SOURCE DATA ▸
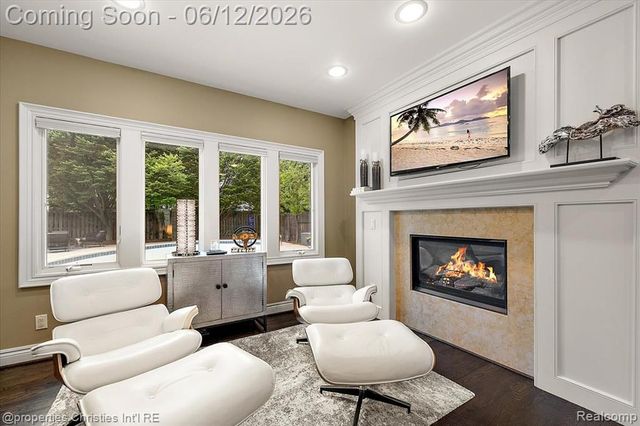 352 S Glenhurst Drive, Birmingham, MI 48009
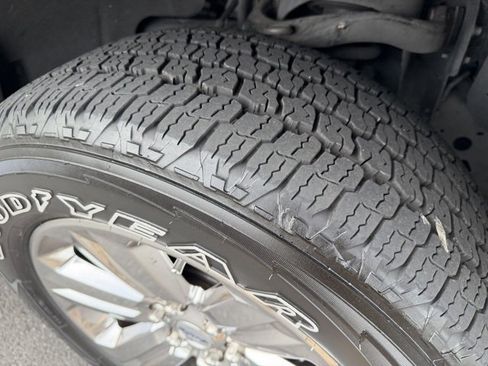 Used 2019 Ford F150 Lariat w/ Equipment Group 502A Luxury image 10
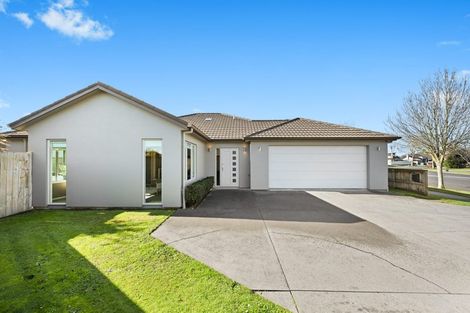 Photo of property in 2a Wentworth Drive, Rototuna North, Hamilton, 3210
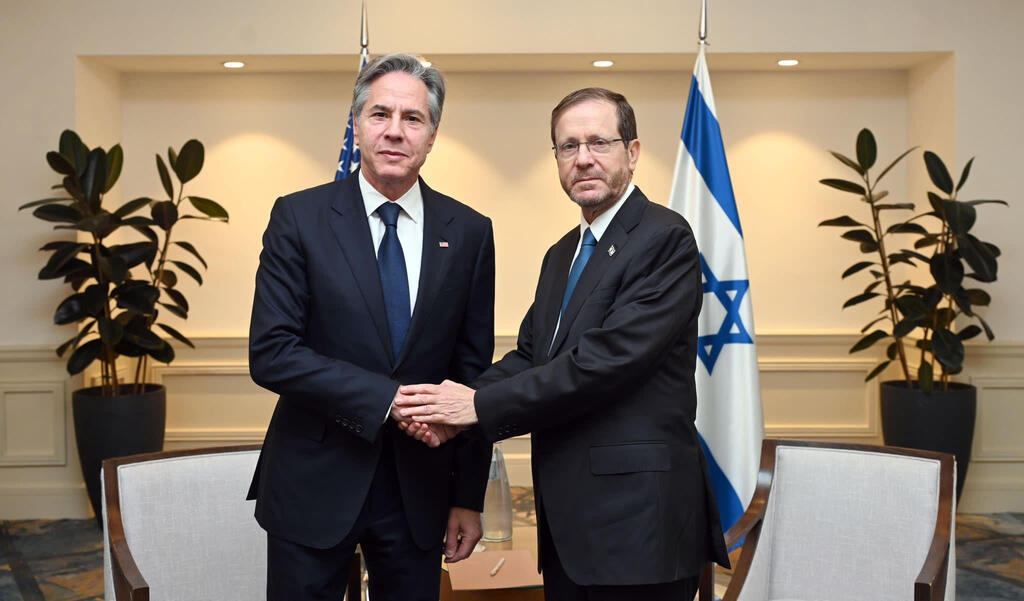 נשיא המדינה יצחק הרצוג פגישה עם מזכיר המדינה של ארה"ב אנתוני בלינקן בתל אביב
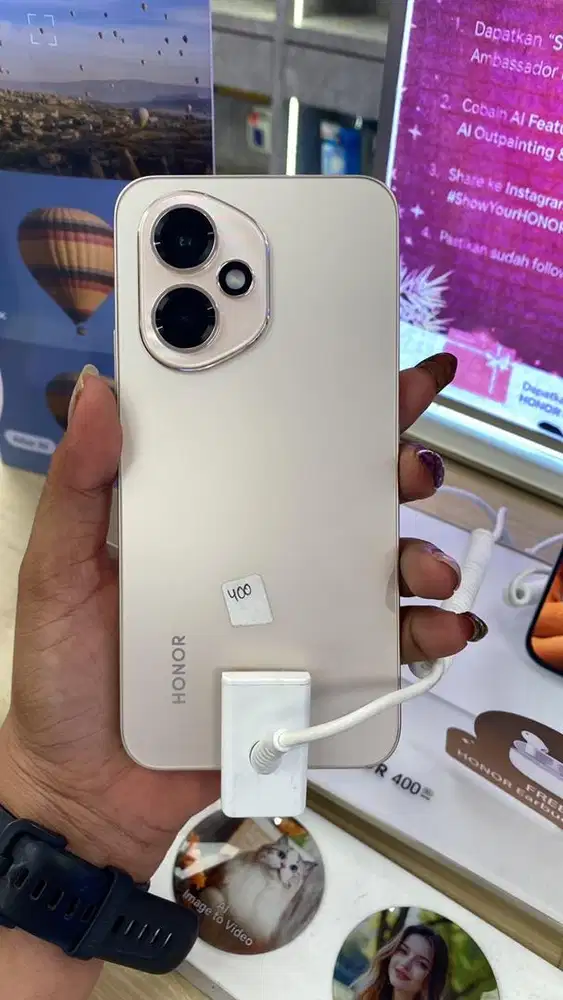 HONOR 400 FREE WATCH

---

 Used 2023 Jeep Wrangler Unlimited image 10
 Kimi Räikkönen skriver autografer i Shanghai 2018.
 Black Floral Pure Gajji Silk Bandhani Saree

--

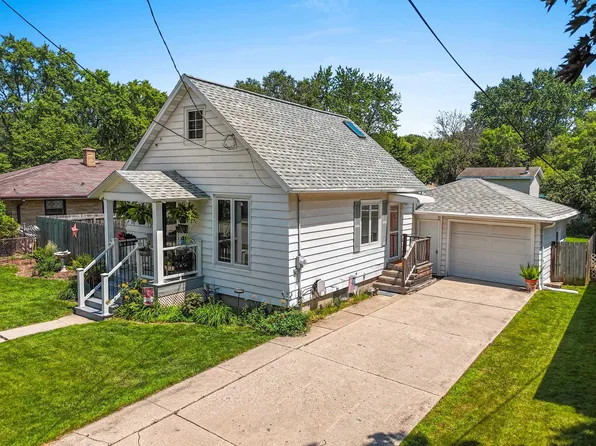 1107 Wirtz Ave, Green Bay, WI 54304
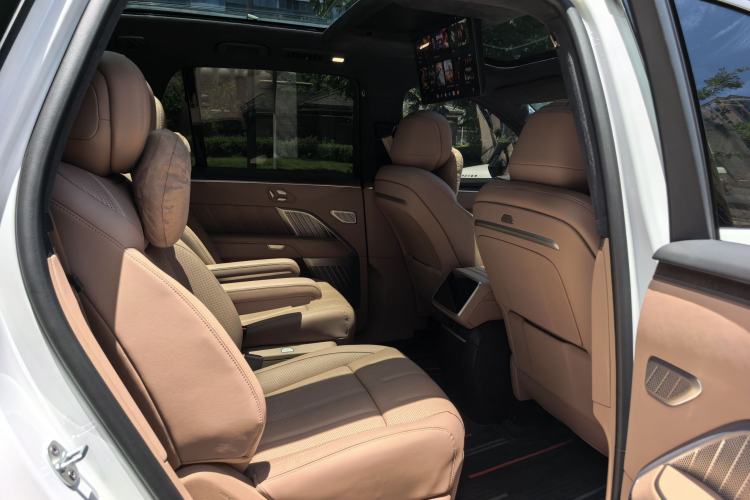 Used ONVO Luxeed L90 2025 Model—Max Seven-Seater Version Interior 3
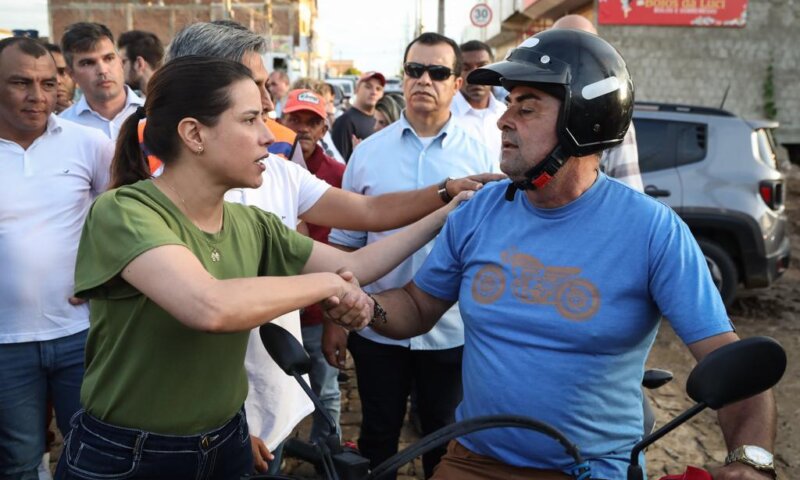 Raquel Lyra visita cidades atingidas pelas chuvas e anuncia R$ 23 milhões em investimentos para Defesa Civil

TASK PROMPT ▸
Your answer should be the lines above, from the line containing "Kimi Räikkönen skriver" up to and including the line containing "Black Floral Pure Gajji Silk Bandhani Saree", reproduced exactly and with nothing else.

RESULT OF THIS TASK ▸
 Kimi Räikkönen skriver autografer i Shanghai 2018.
 Black Floral Pure Gajji Silk Bandhani Saree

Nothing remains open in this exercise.